How interesting that you speak of needing to be in control. All those years of having Passover at your house, I so admired your way of being able to just let everyone of our crazy group just take care of things as they wished to. Since you moved away, I have never been able to do that - instead bossing everyone around to do as I wished (and often demanded). Boy, is that a lot of work!!
So...as a fellow control freak I have also found the act of giving up control extremely difficult.
Every time I have had to face checking a new age checkbox on a page when signing up for something has given me cause to think about the new age that I have just entered. And its not always a happy thought. While I have never been quite as much an adventurer as you are, I have always felt that whatever needed doing or I wanted to do, I could do it. Well, getting older has taught me that was a really dumb idea. I think twice now when I need to get up on a chair to reach a high cabinet, when I have to carry something very heavy from the car to the house, and I have learned to take naps in the middle of the day if I am tired.

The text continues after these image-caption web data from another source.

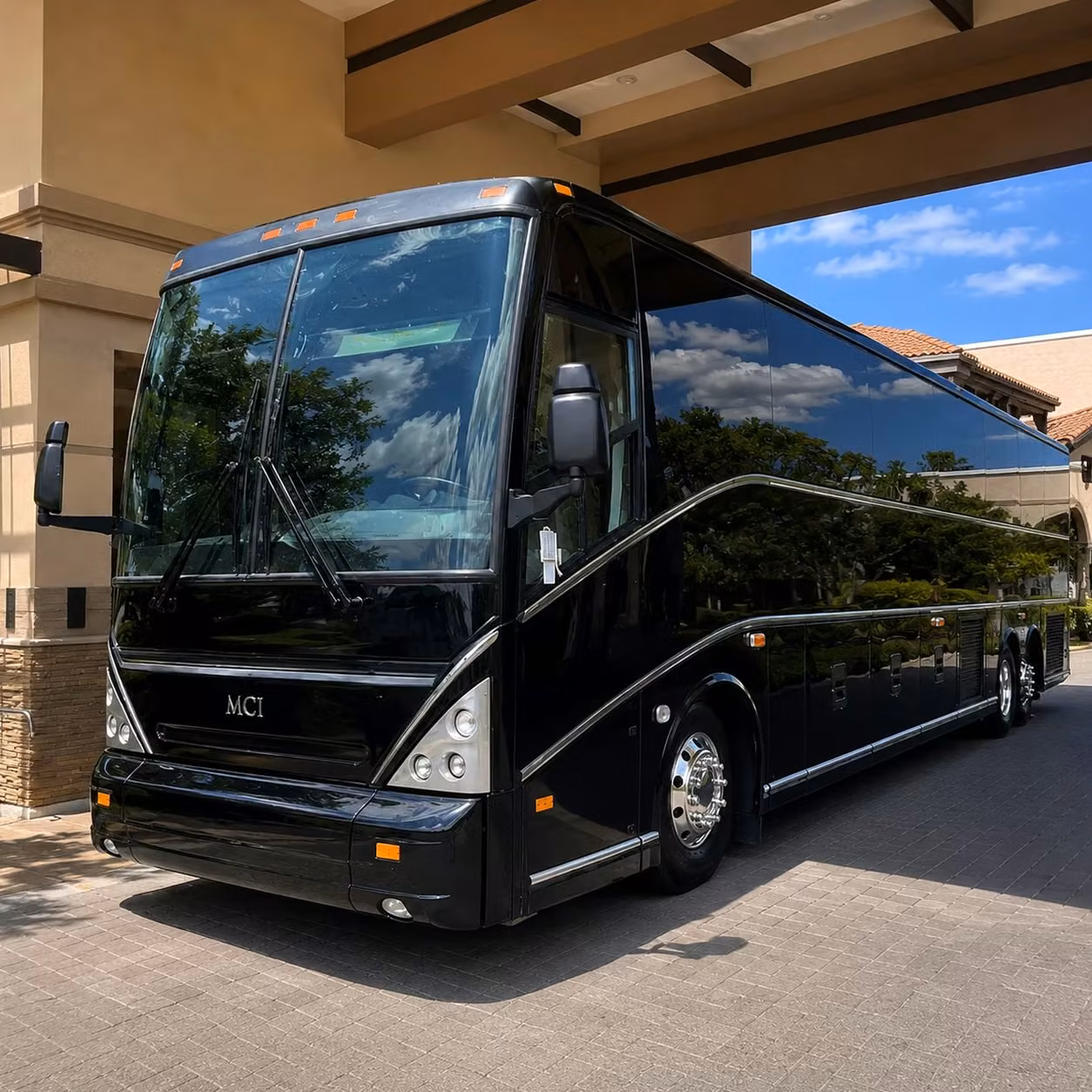for easy roanoke construction and worksite shuttle bus rentals coachbusroanoke com delivers
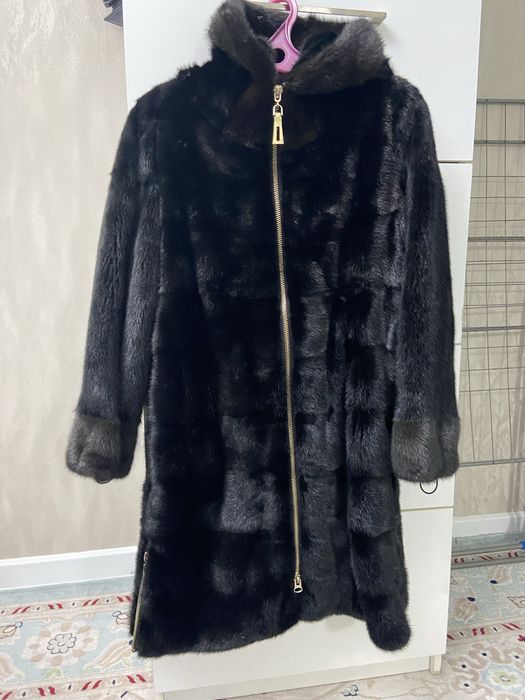 Продам норковую шубу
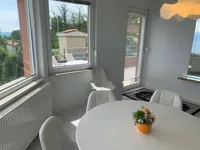 Недвижимость Трёхкомнатная квартира, центр: 13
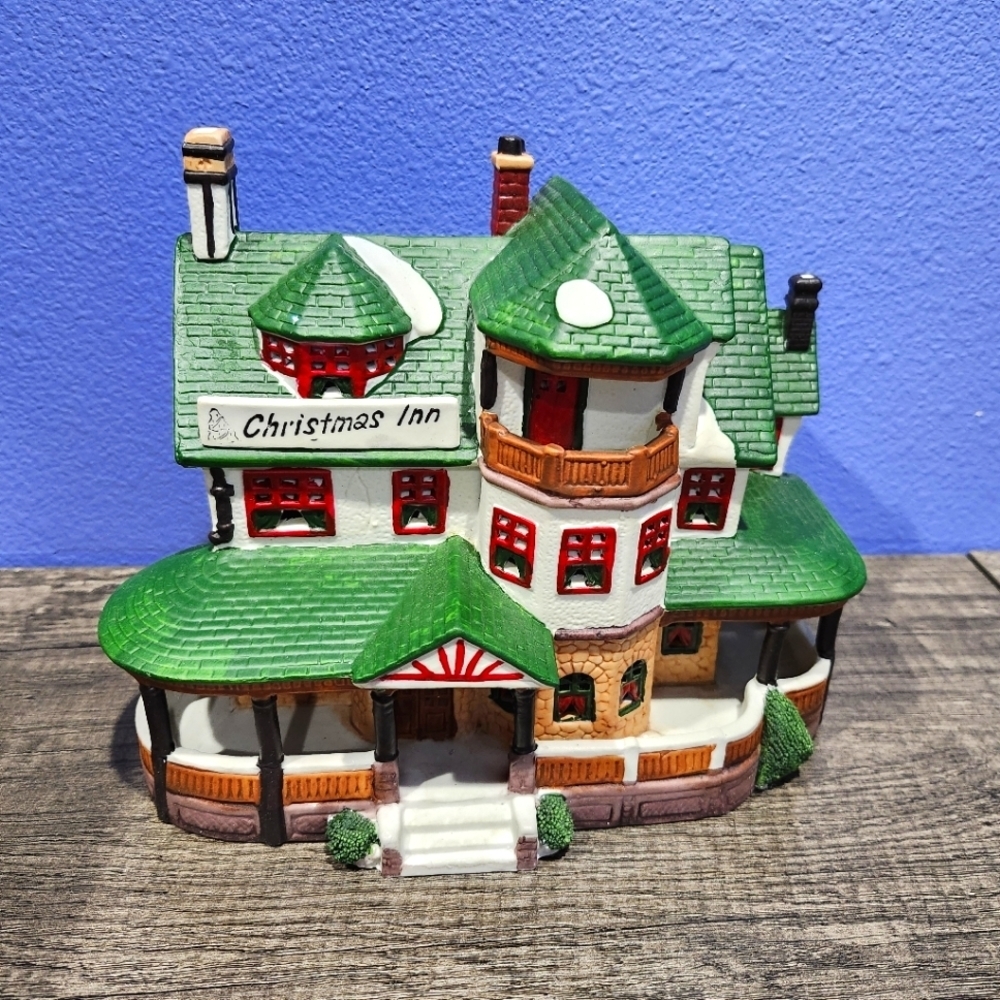 Lemax Dickensvale Collectibles Christmas Inn Village Piece Lighted Vintage 1994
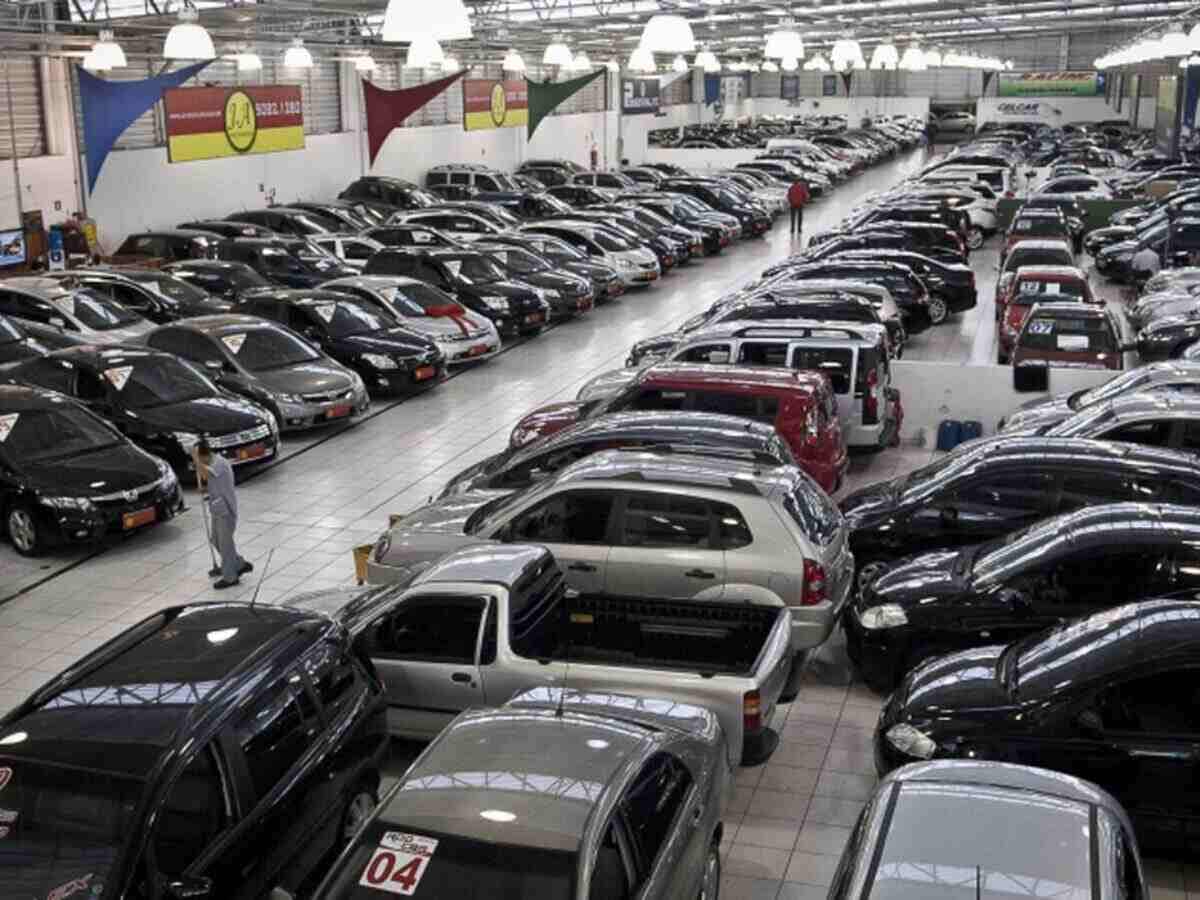 Imagem de vários carros populares em concessionária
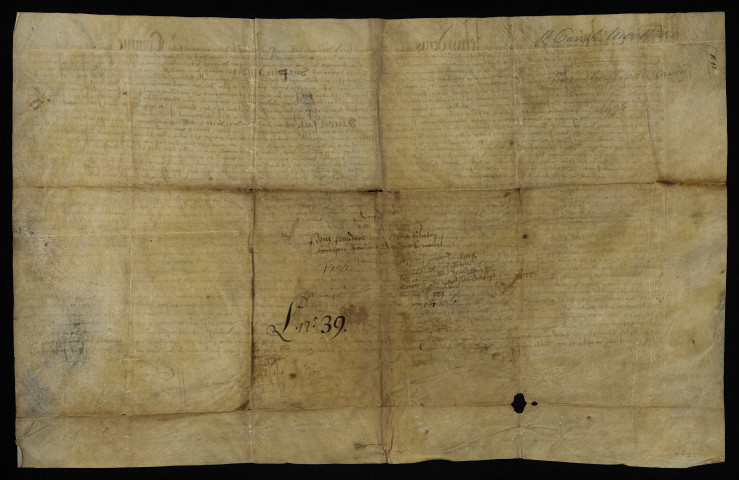 Contentieux (procédure civile). - Succession Ribaton, anticipation d'héritages par Jean Ravays notaire royal et Marie Ribatonne sa femme à Bessais-le-Fromental (département du Cher) contre Philippes Ribaton bourgeois à Valigny-le-Monial (département de l'Allier) : traité de partage.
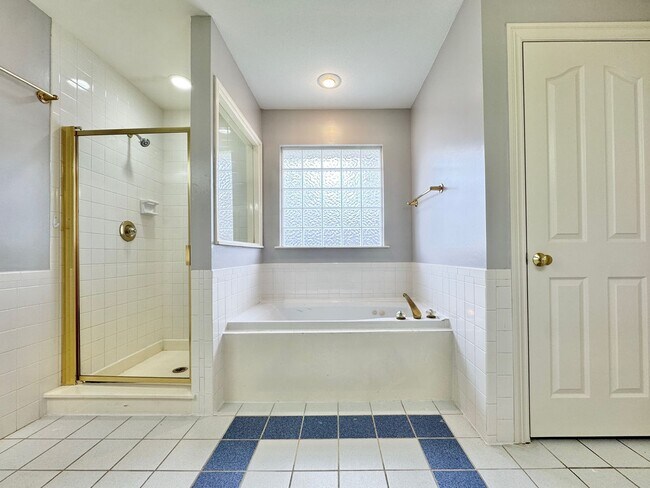 Building Photo - East Fayetteville 7 bedrooms 5 baths, VANDERGRIFF DIST - beautiful spread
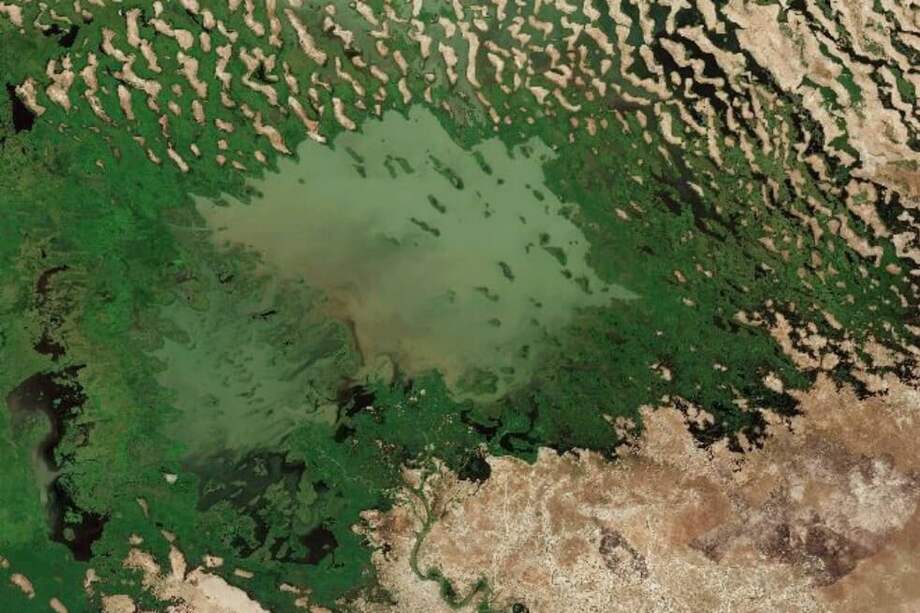 El Chad era la principal fuente de agua del Sahel, una franja de 5.000 km que atraviesa toda África. / ESA/USGS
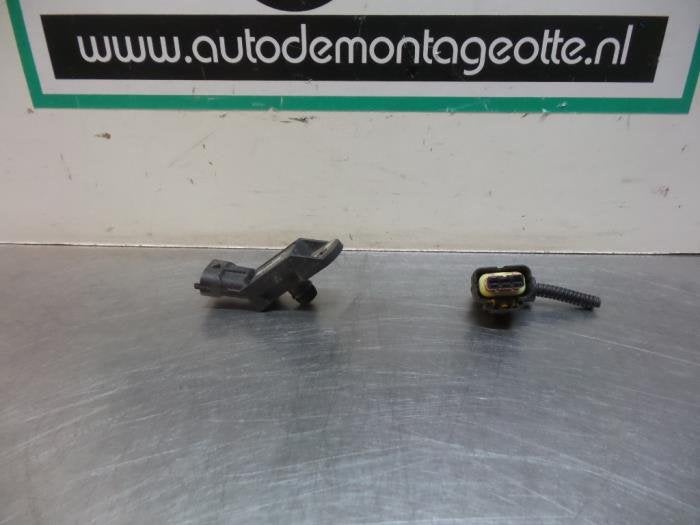 Map Sensor (inlaatspruitstuk) van een Opel Combo (Combo 02-), Gebruikt, -, -, Opel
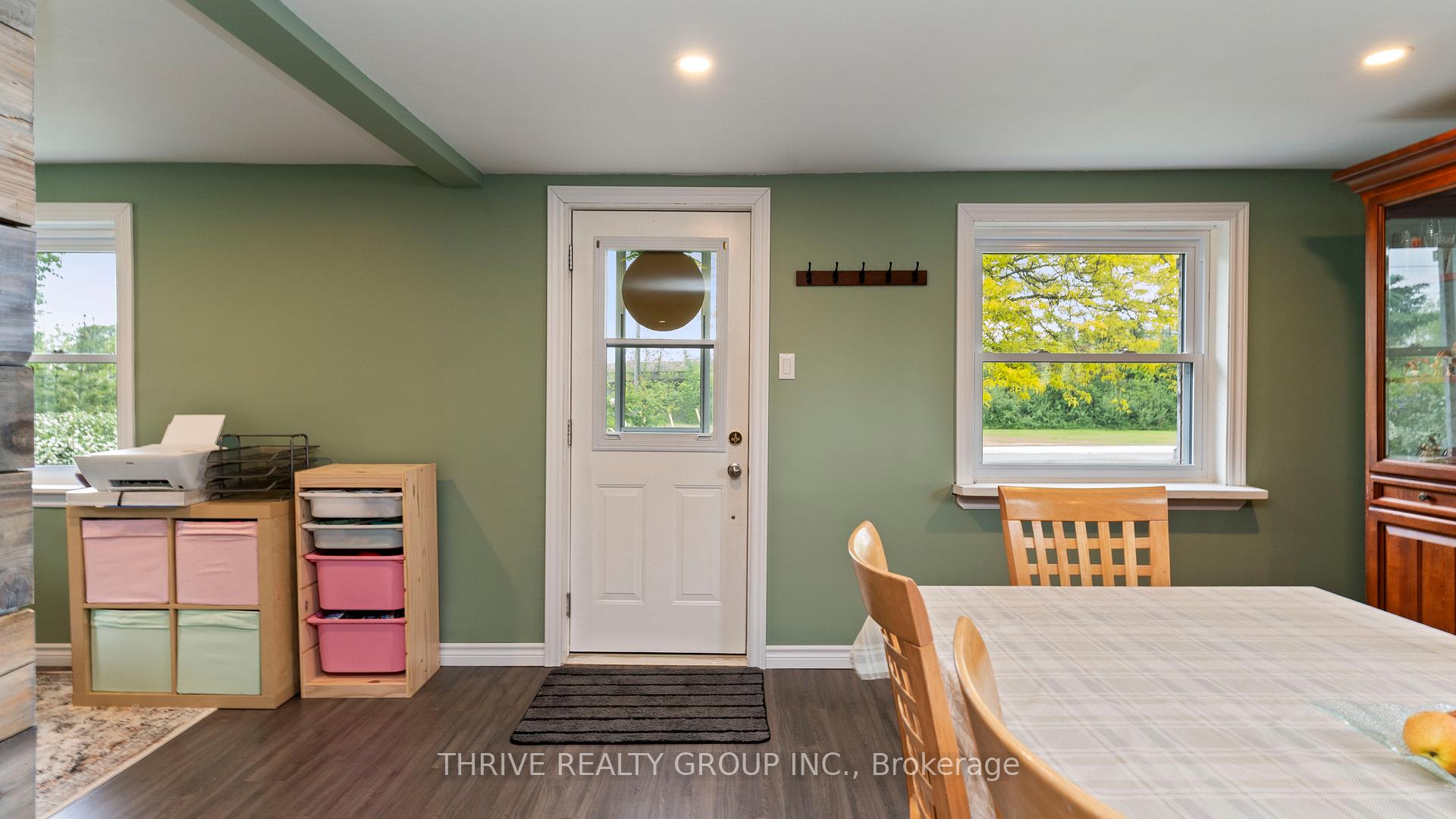 Photo 8 of 78 Sinclair Avenue, St. Thomas — HOMEH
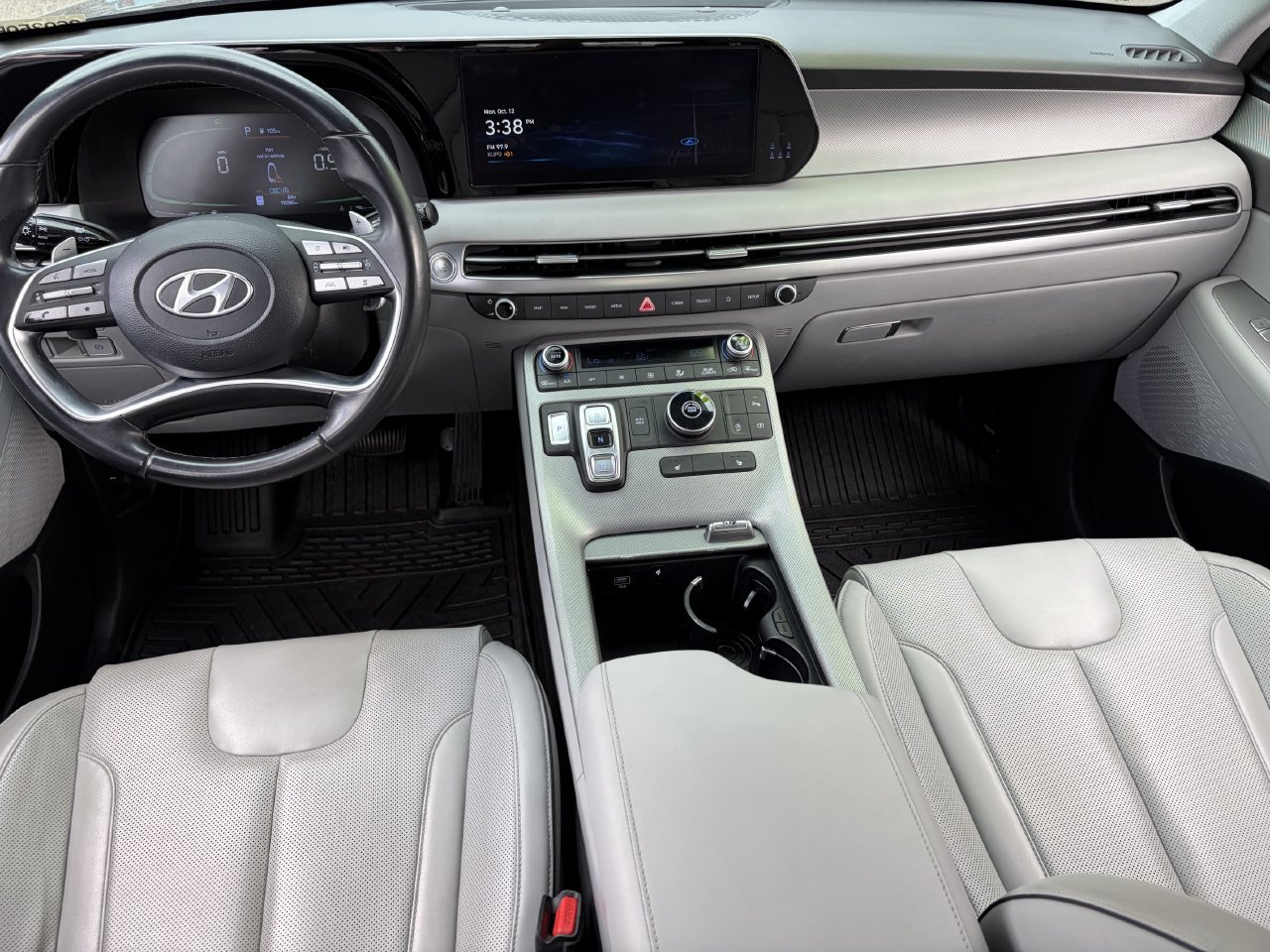 Used 2023 Hyundai Palisade SEL FWD image 14
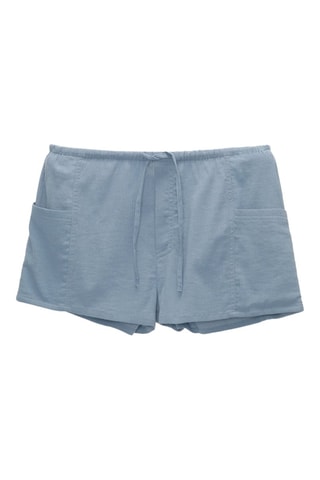 Short. Lichtblauw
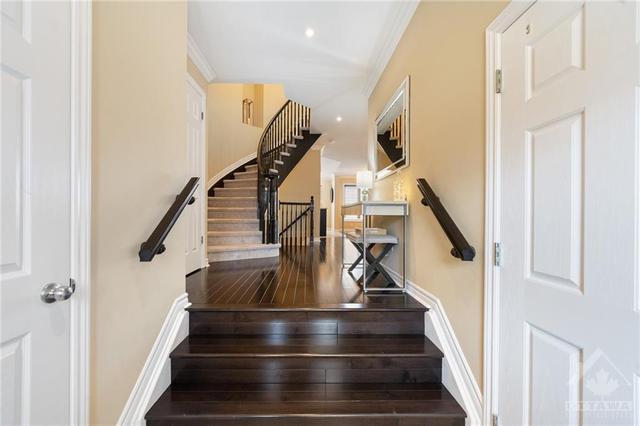 161 Lerta Way, Townhouse with 3 bedrooms, 3 bathrooms and 3 parking in Ottawa ON | Image 3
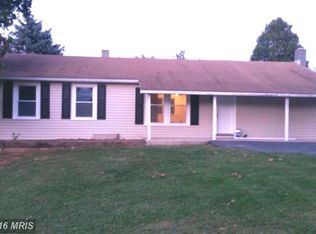 1621 Frank Rd, Chambersburg, PA 17202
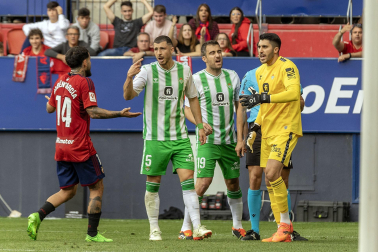 Fotos del Osasuna 0-2 Betis en El Sadar./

When Håkan had his brain bleed 10 years ago, he came home after spending 2 months in hospital, with the right side of his face paralyzed, most of his hearing gone, and his sense of balance totally gone, making every step he took extremely difficult. He went from needing a rollator to walk to being able to make due with just a cane. And he learned to be able to accept help when he needed it. But it was, and still is at times, a very hard transition. And for me by his side, it was difficult to see this extremely competent man become one who needed help. And it also made me realize that it was a good thing that I never decided to join the nursing profession. 😏
And as you seem to be discovering, as much as we like to think we are in control of our bodies...we are not. Our bodies have a very bad habit of reminding us of our lack of true control. As an example...right now my brain is saying that I would like to get up from this computer and go into the kitchen and get a second cup of coffee but my body is say noooo, I'd rather not get up. Guess which is winning right now - I am still sitting here...
In any case, your back will get better. They usually do. Though I have discovered at this advanced age, things don't necessarily return to being as good as they were before things started hurting. But better is always welcome. And you will once again be able to do the things you want to do. But maybe a bit slower. And that is not always a bad thing.
So a big "kram" to you from me here in Sweden.